Flagship Communities Real Estate Investment Trust (MHC-U) Q1 2026 earnings summary
Event summary combining transcript, slides, and related documents.
Q1 2026 earnings summary
9 May, 2026Executive summary
Rental revenue rose 20.6% year-over-year to $29.9 million, with NOI up 17.4% to $19.3 million, driven by organic initiatives, acquisitions, and lot rent increases.
Net income more than doubled to $22.1 million, reflecting higher fair value adjustments.
Adjusted FFO increased 12.0% to $9.6 million, while AFFO per unit rose 13.6% to $0.342; AFFO payout ratio improved to 47.3%.
Acquired a 96-lot community in Cleves, Ohio, expanding presence in a core market with future expansion potential and infrastructure upgrades.
Recognized as 2026 Manufactured Home Community Operator of the Year for the second consecutive year and received multiple national awards.
Financial highlights
Same-community revenue increased 8.6% year-over-year to $26.9 million; same-community NOI rose 5.3% to $17.3 million.
NOI margin was 64.5%, down from 66.2% last year; same-community NOI margin declined to 64.2%.
FFO per unit increased 15.0% to $0.382; AFFO per unit rose 13.6% to $0.342.
Rent collections reached 99.8%, up 0.1% from the prior year.
NAV per unit increased to $32.39 from $31.93; debt to gross book value improved to 39.0%.
Outlook and guidance
Expects continued occupancy growth and same-community NOI growth in higher single digits for Q2–Q4, with full-year growth in mid-single digits.

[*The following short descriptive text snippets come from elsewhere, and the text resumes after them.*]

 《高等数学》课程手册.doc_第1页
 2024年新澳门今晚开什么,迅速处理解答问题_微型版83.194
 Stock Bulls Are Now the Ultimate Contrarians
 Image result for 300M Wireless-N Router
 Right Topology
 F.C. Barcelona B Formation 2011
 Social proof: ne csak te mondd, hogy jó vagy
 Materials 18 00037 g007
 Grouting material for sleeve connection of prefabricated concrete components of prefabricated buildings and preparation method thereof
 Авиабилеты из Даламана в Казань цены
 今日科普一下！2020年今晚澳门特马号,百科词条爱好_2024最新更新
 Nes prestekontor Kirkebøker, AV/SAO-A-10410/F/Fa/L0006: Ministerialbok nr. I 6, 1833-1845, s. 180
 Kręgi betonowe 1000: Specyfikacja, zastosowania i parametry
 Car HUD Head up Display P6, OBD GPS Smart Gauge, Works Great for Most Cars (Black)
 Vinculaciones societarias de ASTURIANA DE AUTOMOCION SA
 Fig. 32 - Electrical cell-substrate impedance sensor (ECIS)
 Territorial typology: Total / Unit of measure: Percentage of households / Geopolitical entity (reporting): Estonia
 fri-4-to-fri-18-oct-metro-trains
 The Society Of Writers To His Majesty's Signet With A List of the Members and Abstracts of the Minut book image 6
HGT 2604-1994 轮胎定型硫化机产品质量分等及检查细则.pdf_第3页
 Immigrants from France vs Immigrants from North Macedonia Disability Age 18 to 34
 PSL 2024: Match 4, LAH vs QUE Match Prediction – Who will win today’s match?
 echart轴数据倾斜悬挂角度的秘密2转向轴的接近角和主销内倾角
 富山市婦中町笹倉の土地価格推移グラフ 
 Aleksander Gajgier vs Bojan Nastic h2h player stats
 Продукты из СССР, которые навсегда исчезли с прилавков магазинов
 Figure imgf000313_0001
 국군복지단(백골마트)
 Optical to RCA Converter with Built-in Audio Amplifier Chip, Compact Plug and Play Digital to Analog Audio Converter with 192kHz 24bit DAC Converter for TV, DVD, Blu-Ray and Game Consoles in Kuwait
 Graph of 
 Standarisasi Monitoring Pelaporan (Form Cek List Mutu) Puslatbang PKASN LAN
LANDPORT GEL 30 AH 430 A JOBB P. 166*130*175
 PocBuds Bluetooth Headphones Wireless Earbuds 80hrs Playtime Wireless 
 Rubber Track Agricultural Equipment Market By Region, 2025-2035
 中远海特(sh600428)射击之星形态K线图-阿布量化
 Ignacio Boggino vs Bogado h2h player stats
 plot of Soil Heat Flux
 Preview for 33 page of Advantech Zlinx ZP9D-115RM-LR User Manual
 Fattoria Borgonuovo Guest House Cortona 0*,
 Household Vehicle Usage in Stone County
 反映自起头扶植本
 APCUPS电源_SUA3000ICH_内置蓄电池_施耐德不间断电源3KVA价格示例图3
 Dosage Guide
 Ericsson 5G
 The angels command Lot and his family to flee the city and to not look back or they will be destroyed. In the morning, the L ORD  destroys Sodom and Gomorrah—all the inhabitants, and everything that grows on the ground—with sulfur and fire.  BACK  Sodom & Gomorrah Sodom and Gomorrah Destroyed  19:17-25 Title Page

Maintains a positive outlook for the MHC industry, citing high barriers to entry, rising unaffordability, and strong demand.
Expense growth in Q1 was elevated due to winter storms; normalized expense growth expected for the remainder of the year.
Management highlights forward-looking statements regarding growth, operations, and expansion, cautioning about risks and uncertainties.